Reportage d'un work-shop donné à Bucarest avec le groupe d'artistes contemporains N3krozoft.ldt en mai 2006.


Babel project - Carnet de bord


Jour 1


Allons ! Construisons des briques et cuisons-les au feu !

Bâtissons nous une ville et une tour dont le sommet touche au ciel !



Pour la première fois, je pars à l’Est !


Après les longues plaines plates de Hongrie, les yeux ouverts par un appel mystérieux, mon âme tranquillement éveillée par la brume matinale, je me trouve dans le train, en Transylvanie montagneuse.


De petites cabanes en bois :

Petites

Identiques

Sans identité

Particulière

Jonchent les collines.

De longs bancs de nuages bas flottent, se dispersent et disparaissent, à mesure que le jour, tranquillement, se lève.


À perte de vue, la végétation enveloppe la mémoire d’une atmosphère macabre.

Le paysage, sorti du rêve d’un pays parfaitement bucolique…


- Mais un pays ne rêve pas et ne réalise pas ses rêves.


Simultanément l’aube disparaît et le train descend à nouveau dans les grandes plaines.

Je me rendors, mal assise, sur le siège tordu de mon compartiment.

Mes deux compagnons de route gigotent un film.


À l’arrivée à Bucarest, la directrice des Beaux-Arts nous attend.

C’est une femme très noiraude et enveloppée non seulement d’un charme typé et de belles rondeurs mais aussi d’un stress tout maternel.

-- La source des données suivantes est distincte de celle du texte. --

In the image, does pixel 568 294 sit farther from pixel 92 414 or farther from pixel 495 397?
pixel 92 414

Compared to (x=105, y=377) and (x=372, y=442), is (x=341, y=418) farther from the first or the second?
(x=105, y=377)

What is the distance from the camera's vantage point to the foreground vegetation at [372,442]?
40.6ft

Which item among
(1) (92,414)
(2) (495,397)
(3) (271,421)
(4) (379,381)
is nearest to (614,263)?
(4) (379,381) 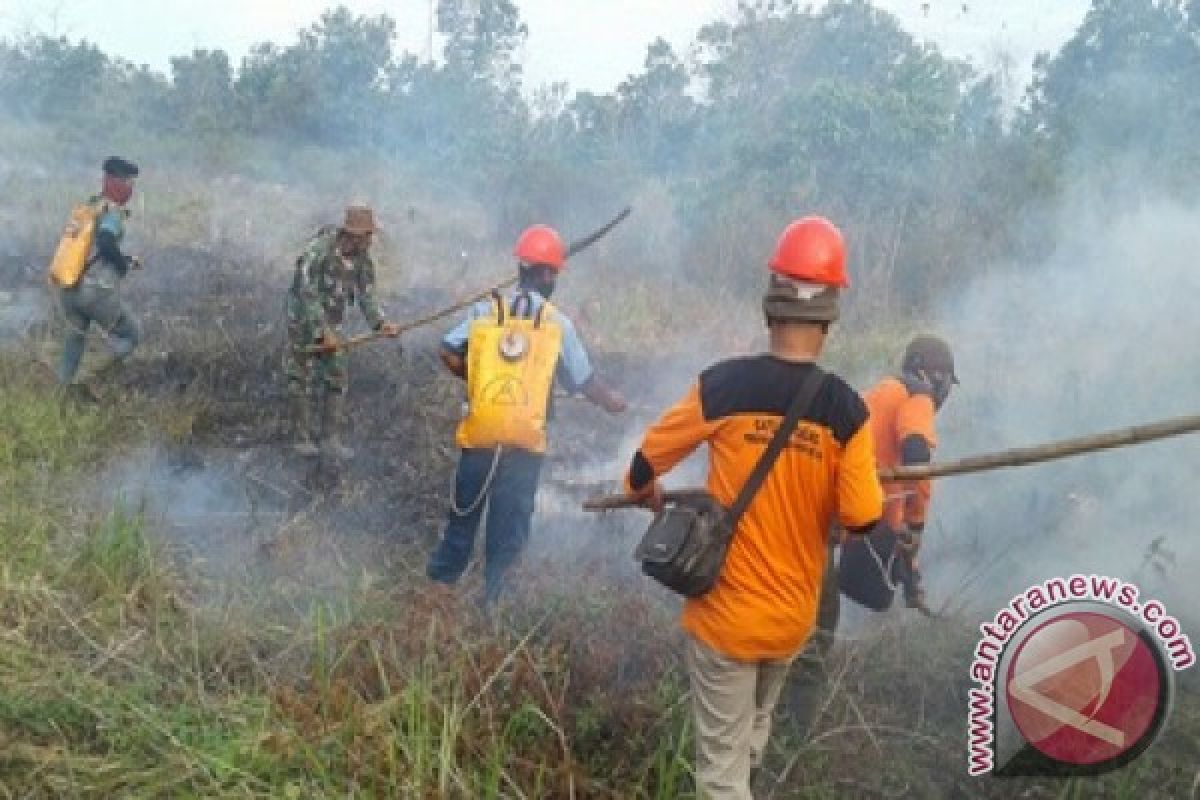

Elle nous avertit des dangers d’arnaque possible et nous embrasse de tous ses conseils.

Première légende urbaine, il paraît que des groupes de bandits, appelés « Maradona », déguisés en policiers, somment les touristes de leur montrer leurs papiers, et les volent très rapidement.


Logés, nous partons en quête de nos premiers flyers traversant les rues de la cité de Ceausescu.

Les immeubles imposants et hétéroclites rappellent les incessantes révolutions.

Les régimes ont tourné laissant leur impact sur l’architecture.

Un touriste américain, qui semble anachronique, documente absolument tout.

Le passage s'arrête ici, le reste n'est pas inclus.